## Problem to solve
All lines of the listing that contain "Skin" should be shown in full.

## Provided records
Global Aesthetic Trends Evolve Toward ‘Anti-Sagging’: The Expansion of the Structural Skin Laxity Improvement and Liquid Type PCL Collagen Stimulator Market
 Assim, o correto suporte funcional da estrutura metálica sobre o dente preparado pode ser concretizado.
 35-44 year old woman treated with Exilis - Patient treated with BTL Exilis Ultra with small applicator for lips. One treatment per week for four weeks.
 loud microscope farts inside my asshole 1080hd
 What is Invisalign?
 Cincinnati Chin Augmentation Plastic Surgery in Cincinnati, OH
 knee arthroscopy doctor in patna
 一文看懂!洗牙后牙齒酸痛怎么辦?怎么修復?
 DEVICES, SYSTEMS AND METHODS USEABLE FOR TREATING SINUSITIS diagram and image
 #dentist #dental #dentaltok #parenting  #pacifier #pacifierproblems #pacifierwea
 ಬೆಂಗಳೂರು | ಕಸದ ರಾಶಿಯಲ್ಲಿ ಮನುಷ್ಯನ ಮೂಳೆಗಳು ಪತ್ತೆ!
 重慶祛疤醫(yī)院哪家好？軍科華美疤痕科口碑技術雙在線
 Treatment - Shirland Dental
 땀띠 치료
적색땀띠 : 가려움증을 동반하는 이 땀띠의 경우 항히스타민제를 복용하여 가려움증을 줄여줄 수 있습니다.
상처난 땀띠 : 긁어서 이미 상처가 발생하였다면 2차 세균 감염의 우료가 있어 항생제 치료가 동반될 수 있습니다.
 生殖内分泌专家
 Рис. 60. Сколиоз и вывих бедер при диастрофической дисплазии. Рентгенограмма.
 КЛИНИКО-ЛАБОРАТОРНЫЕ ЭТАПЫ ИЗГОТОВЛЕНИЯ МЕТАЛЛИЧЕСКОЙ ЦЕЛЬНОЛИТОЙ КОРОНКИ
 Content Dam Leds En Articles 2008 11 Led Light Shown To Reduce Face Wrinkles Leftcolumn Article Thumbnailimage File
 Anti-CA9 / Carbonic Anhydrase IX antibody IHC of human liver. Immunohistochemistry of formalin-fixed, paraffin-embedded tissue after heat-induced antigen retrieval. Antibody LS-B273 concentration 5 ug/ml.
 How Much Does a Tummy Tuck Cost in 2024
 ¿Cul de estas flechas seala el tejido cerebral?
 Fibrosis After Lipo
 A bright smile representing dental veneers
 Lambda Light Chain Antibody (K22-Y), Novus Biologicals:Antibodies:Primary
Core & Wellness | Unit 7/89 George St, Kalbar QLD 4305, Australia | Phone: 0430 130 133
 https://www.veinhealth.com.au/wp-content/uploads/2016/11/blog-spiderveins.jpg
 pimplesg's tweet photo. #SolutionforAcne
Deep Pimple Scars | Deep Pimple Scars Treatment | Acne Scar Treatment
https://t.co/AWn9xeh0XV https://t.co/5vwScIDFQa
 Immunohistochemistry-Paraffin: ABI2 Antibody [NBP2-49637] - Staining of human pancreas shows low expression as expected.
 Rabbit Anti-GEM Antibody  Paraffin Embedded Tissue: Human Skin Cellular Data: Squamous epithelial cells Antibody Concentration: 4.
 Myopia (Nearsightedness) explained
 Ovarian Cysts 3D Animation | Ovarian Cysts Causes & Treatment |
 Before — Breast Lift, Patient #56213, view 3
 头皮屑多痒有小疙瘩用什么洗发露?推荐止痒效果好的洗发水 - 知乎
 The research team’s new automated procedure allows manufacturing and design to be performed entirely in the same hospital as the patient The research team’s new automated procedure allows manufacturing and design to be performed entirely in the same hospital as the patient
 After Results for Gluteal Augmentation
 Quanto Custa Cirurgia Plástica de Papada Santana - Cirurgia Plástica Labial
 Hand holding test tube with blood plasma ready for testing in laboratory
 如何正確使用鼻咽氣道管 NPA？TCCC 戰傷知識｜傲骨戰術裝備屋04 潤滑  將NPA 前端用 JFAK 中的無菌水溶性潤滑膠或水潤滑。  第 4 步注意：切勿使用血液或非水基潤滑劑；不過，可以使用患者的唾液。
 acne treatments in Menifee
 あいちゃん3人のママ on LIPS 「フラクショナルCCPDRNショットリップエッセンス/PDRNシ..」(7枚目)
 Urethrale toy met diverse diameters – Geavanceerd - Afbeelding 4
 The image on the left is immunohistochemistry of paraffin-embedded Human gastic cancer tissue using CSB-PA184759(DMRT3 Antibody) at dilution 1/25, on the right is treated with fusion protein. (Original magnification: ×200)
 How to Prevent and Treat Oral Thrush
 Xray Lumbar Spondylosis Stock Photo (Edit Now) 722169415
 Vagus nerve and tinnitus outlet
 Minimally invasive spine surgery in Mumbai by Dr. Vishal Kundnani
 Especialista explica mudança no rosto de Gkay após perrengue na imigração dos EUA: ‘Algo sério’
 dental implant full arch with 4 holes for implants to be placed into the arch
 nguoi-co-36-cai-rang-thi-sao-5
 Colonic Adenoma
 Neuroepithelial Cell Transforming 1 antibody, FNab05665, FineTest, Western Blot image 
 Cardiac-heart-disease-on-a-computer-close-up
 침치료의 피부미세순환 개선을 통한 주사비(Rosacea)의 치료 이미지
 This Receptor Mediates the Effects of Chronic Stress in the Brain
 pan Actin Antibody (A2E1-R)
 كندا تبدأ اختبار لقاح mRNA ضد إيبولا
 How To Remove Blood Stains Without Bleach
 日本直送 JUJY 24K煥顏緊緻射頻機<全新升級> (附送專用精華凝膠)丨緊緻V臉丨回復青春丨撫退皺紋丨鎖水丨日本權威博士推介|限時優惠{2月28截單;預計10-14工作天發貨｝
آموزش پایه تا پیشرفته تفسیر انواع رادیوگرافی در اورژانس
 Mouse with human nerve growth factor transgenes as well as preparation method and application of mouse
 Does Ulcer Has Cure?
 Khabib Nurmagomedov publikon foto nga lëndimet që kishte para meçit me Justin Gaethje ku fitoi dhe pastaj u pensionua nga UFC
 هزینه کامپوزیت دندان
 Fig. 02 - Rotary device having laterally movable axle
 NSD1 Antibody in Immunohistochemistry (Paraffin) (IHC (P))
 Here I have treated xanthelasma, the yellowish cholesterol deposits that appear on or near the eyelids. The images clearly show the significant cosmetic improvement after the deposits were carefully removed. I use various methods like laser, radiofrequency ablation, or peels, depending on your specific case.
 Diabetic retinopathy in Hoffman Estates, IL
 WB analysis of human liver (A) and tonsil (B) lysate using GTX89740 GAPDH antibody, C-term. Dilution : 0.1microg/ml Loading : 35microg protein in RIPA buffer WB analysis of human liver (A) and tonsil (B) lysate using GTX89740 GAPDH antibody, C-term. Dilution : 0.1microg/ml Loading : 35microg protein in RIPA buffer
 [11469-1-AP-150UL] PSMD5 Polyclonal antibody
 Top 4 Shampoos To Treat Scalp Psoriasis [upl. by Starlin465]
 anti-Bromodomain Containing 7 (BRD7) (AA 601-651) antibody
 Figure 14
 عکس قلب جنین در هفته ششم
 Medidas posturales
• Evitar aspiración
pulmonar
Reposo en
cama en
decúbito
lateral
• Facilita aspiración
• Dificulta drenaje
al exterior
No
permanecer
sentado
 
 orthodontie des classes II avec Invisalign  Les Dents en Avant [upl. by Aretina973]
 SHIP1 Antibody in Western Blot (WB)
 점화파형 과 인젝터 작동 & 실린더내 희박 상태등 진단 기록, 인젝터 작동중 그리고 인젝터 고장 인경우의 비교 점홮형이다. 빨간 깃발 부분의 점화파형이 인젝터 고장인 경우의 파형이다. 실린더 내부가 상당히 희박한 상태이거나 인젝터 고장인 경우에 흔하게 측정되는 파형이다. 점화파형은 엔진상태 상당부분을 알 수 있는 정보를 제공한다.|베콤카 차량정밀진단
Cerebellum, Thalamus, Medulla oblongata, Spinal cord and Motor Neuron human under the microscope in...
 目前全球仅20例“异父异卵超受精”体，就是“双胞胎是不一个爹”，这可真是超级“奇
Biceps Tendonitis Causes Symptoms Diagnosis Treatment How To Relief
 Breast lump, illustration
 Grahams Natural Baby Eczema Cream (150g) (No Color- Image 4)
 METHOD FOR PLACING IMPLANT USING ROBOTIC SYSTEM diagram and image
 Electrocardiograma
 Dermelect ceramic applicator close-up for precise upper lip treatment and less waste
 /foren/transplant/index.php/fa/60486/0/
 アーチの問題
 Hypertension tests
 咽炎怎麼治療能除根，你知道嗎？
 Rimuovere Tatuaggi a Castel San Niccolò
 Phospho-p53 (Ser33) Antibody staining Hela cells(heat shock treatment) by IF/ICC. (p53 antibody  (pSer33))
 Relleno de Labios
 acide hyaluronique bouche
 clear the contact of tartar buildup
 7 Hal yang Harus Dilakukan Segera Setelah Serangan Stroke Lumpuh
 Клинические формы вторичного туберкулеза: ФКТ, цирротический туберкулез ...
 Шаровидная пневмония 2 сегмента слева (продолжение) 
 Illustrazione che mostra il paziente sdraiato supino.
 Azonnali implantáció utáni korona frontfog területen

## Reply
Global Aesthetic Trends Evolve Toward ‘Anti-Sagging’: The Expansion of the Structural Skin Laxity Improvement and Liquid Type PCL Collagen Stimulator Market
 Rabbit Anti-GEM Antibody  Paraffin Embedded Tissue: Human Skin Cellular Data: Squamous epithelial cells Antibody Concentration: 4.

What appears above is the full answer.